*WORK TO BE COMPLETED:* For this task, copy the data that follows exactly, keeping every character.

== AVAILABLE DATA ==

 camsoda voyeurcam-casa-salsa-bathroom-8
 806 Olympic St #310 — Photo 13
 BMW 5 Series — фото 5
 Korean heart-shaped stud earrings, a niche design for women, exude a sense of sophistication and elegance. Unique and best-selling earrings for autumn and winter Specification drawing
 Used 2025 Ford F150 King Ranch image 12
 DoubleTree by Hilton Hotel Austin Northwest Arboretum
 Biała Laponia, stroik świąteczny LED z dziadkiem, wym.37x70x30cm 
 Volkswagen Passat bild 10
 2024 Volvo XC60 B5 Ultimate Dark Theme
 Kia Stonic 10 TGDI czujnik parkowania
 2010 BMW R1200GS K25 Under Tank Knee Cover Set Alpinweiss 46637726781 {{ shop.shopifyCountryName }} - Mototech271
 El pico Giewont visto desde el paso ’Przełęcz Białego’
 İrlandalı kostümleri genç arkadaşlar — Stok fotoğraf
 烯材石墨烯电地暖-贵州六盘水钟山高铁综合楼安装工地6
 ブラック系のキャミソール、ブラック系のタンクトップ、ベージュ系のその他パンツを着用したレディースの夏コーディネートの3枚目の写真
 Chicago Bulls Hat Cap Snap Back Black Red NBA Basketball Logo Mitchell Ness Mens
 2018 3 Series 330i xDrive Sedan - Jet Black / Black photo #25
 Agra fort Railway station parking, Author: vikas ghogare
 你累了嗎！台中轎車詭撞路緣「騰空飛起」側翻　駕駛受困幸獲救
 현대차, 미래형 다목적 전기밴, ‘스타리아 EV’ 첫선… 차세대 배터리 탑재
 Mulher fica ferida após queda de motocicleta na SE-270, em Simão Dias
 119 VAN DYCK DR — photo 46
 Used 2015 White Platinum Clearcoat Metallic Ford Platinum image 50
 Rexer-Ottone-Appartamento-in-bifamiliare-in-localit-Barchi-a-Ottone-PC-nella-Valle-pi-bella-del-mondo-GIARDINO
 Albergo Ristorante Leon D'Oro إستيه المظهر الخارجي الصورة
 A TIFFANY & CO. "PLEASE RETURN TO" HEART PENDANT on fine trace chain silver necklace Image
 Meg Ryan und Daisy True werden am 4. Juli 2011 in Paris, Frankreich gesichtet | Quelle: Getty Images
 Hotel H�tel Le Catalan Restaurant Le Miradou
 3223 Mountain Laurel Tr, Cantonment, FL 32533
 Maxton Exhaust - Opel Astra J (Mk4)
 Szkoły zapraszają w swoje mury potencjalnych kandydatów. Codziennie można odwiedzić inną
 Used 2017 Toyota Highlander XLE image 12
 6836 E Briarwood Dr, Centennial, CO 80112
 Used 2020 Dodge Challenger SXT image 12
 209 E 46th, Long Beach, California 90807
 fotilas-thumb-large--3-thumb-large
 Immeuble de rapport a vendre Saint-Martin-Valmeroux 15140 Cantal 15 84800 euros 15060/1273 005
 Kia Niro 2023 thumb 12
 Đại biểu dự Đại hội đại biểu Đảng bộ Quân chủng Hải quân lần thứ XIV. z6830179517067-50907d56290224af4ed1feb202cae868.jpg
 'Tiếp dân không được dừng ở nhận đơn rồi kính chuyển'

===

*RESPONSE AREA:*
 camsoda voyeurcam-casa-salsa-bathroom-8
 806 Olympic St #310 — Photo 13
 BMW 5 Series — фото 5
 Korean heart-shaped stud earrings, a niche design for women, exude a sense of sophistication and elegance. Unique and best-selling earrings for autumn and winter Specification drawing
 Used 2025 Ford F150 King Ranch image 12
 DoubleTree by Hilton Hotel Austin Northwest Arboretum
 Biała Laponia, stroik świąteczny LED z dziadkiem, wym.37x70x30cm 
 Volkswagen Passat bild 10
 2024 Volvo XC60 B5 Ultimate Dark Theme
 Kia Stonic 10 TGDI czujnik parkowania
 2010 BMW R1200GS K25 Under Tank Knee Cover Set Alpinweiss 46637726781 {{ shop.shopifyCountryName }} - Mototech271
 El pico Giewont visto desde el paso ’Przełęcz Białego’
 İrlandalı kostümleri genç arkadaşlar — Stok fotoğraf
 烯材石墨烯电地暖-贵州六盘水钟山高铁综合楼安装工地6
 ブラック系のキャミソール、ブラック系のタンクトップ、ベージュ系のその他パンツを着用したレディースの夏コーディネートの3枚目の写真
 Chicago Bulls Hat Cap Snap Back Black Red NBA Basketball Logo Mitchell Ness Mens
 2018 3 Series 330i xDrive Sedan - Jet Black / Black photo #25
 Agra fort Railway station parking, Author: vikas ghogare
 你累了嗎！台中轎車詭撞路緣「騰空飛起」側翻　駕駛受困幸獲救
 현대차, 미래형 다목적 전기밴, ‘스타리아 EV’ 첫선… 차세대 배터리 탑재
 Mulher fica ferida após queda de motocicleta na SE-270, em Simão Dias
 119 VAN DYCK DR — photo 46
 Used 2015 White Platinum Clearcoat Metallic Ford Platinum image 50
 Rexer-Ottone-Appartamento-in-bifamiliare-in-localit-Barchi-a-Ottone-PC-nella-Valle-pi-bella-del-mondo-GIARDINO
 Albergo Ristorante Leon D'Oro إستيه المظهر الخارجي الصورة
 A TIFFANY & CO. "PLEASE RETURN TO" HEART PENDANT on fine trace chain silver necklace Image
 Meg Ryan und Daisy True werden am 4. Juli 2011 in Paris, Frankreich gesichtet | Quelle: Getty Images
 Hotel H�tel Le Catalan Restaurant Le Miradou
 3223 Mountain Laurel Tr, Cantonment, FL 32533
 Maxton Exhaust - Opel Astra J (Mk4)
 Szkoły zapraszają w swoje mury potencjalnych kandydatów. Codziennie można odwiedzić inną
 Used 2017 Toyota Highlander XLE image 12
 6836 E Briarwood Dr, Centennial, CO 80112
 Used 2020 Dodge Challenger SXT image 12
 209 E 46th, Long Beach, California 90807
 fotilas-thumb-large--3-thumb-large
 Immeuble de rapport a vendre Saint-Martin-Valmeroux 15140 Cantal 15 84800 euros 15060/1273 005
 Kia Niro 2023 thumb 12
 Đại biểu dự Đại hội đại biểu Đảng bộ Quân chủng Hải quân lần thứ XIV. z6830179517067-50907d56290224af4ed1feb202cae868.jpg
 'Tiếp dân không được dừng ở nhận đơn rồi kính chuyển'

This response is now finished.